# Exercise brief:
Make an exact copy of all the entries shown below.

# Information provided:
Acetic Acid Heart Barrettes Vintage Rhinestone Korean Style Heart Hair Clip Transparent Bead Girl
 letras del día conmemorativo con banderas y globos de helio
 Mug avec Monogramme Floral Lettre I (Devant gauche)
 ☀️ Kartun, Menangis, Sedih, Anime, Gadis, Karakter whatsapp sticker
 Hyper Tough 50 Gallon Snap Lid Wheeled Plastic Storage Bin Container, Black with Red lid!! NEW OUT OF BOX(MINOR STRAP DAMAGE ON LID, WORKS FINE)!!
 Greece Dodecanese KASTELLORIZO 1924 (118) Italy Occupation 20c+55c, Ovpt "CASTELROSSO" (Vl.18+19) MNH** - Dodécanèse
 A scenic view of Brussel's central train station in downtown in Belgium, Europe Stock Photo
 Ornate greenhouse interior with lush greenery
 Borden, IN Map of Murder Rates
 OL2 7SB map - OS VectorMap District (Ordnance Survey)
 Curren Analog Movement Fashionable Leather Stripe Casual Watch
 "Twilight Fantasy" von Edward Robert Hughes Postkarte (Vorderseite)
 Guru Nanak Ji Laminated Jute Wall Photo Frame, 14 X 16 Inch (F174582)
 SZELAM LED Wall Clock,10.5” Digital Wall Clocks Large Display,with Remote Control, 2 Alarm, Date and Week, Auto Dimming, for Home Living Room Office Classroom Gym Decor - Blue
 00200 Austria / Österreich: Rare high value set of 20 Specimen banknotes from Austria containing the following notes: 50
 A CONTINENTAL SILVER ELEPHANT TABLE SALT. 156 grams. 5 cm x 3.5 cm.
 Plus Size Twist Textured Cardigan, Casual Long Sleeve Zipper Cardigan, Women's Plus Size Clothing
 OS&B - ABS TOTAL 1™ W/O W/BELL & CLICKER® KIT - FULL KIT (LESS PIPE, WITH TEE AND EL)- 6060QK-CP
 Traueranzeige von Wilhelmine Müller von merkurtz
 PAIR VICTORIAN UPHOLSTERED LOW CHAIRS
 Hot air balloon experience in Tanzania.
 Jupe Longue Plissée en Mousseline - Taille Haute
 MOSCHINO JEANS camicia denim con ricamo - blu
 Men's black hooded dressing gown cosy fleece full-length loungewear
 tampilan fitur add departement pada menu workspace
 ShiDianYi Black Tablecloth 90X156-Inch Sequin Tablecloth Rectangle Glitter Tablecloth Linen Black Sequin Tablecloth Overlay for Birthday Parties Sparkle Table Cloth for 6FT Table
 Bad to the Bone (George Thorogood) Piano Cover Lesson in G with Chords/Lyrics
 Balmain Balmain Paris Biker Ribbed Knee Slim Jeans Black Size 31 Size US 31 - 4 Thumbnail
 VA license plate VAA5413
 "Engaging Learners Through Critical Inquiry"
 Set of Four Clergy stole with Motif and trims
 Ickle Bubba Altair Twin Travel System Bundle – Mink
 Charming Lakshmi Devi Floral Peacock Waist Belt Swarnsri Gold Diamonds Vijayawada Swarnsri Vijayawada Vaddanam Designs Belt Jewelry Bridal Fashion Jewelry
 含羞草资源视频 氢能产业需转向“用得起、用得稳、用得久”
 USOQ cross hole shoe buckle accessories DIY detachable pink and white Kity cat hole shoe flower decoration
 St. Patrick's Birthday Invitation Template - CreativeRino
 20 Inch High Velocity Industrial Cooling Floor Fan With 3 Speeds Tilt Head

# Result:
Acetic Acid Heart Barrettes Vintage Rhinestone Korean Style Heart Hair Clip Transparent Bead Girl
 letras del día conmemorativo con banderas y globos de helio
 Mug avec Monogramme Floral Lettre I (Devant gauche)
 ☀️ Kartun, Menangis, Sedih, Anime, Gadis, Karakter whatsapp sticker
 Hyper Tough 50 Gallon Snap Lid Wheeled Plastic Storage Bin Container, Black with Red lid!! NEW OUT OF BOX(MINOR STRAP DAMAGE ON LID, WORKS FINE)!!
 Greece Dodecanese KASTELLORIZO 1924 (118) Italy Occupation 20c+55c, Ovpt "CASTELROSSO" (Vl.18+19) MNH** - Dodécanèse
 A scenic view of Brussel's central train station in downtown in Belgium, Europe Stock Photo
 Ornate greenhouse interior with lush greenery
 Borden, IN Map of Murder Rates
 OL2 7SB map - OS VectorMap District (Ordnance Survey)
 Curren Analog Movement Fashionable Leather Stripe Casual Watch
 "Twilight Fantasy" von Edward Robert Hughes Postkarte (Vorderseite)
 Guru Nanak Ji Laminated Jute Wall Photo Frame, 14 X 16 Inch (F174582)
 SZELAM LED Wall Clock,10.5” Digital Wall Clocks Large Display,with Remote Control, 2 Alarm, Date and Week, Auto Dimming, for Home Living Room Office Classroom Gym Decor - Blue
 00200 Austria / Österreich: Rare high value set of 20 Specimen banknotes from Austria containing the following notes: 50
 A CONTINENTAL SILVER ELEPHANT TABLE SALT. 156 grams. 5 cm x 3.5 cm.
 Plus Size Twist Textured Cardigan, Casual Long Sleeve Zipper Cardigan, Women's Plus Size Clothing
 OS&B - ABS TOTAL 1™ W/O W/BELL & CLICKER® KIT - FULL KIT (LESS PIPE, WITH TEE AND EL)- 6060QK-CP
 Traueranzeige von Wilhelmine Müller von merkurtz
 PAIR VICTORIAN UPHOLSTERED LOW CHAIRS
 Hot air balloon experience in Tanzania.
 Jupe Longue Plissée en Mousseline - Taille Haute
 MOSCHINO JEANS camicia denim con ricamo - blu
 Men's black hooded dressing gown cosy fleece full-length loungewear
 tampilan fitur add departement pada menu workspace
 ShiDianYi Black Tablecloth 90X156-Inch Sequin Tablecloth Rectangle Glitter Tablecloth Linen Black Sequin Tablecloth Overlay for Birthday Parties Sparkle Table Cloth for 6FT Table
 Bad to the Bone (George Thorogood) Piano Cover Lesson in G with Chords/Lyrics
 Balmain Balmain Paris Biker Ribbed Knee Slim Jeans Black Size 31 Size US 31 - 4 Thumbnail
 VA license plate VAA5413
 "Engaging Learners Through Critical Inquiry"
 Set of Four Clergy stole with Motif and trims
 Ickle Bubba Altair Twin Travel System Bundle – Mink
 Charming Lakshmi Devi Floral Peacock Waist Belt Swarnsri Gold Diamonds Vijayawada Swarnsri Vijayawada Vaddanam Designs Belt Jewelry Bridal Fashion Jewelry
 含羞草资源视频 氢能产业需转向“用得起、用得稳、用得久”
 USOQ cross hole shoe buckle accessories DIY detachable pink and white Kity cat hole shoe flower decoration
 St. Patrick's Birthday Invitation Template - CreativeRino
 20 Inch High Velocity Industrial Cooling Floor Fan With 3 Speeds Tilt Head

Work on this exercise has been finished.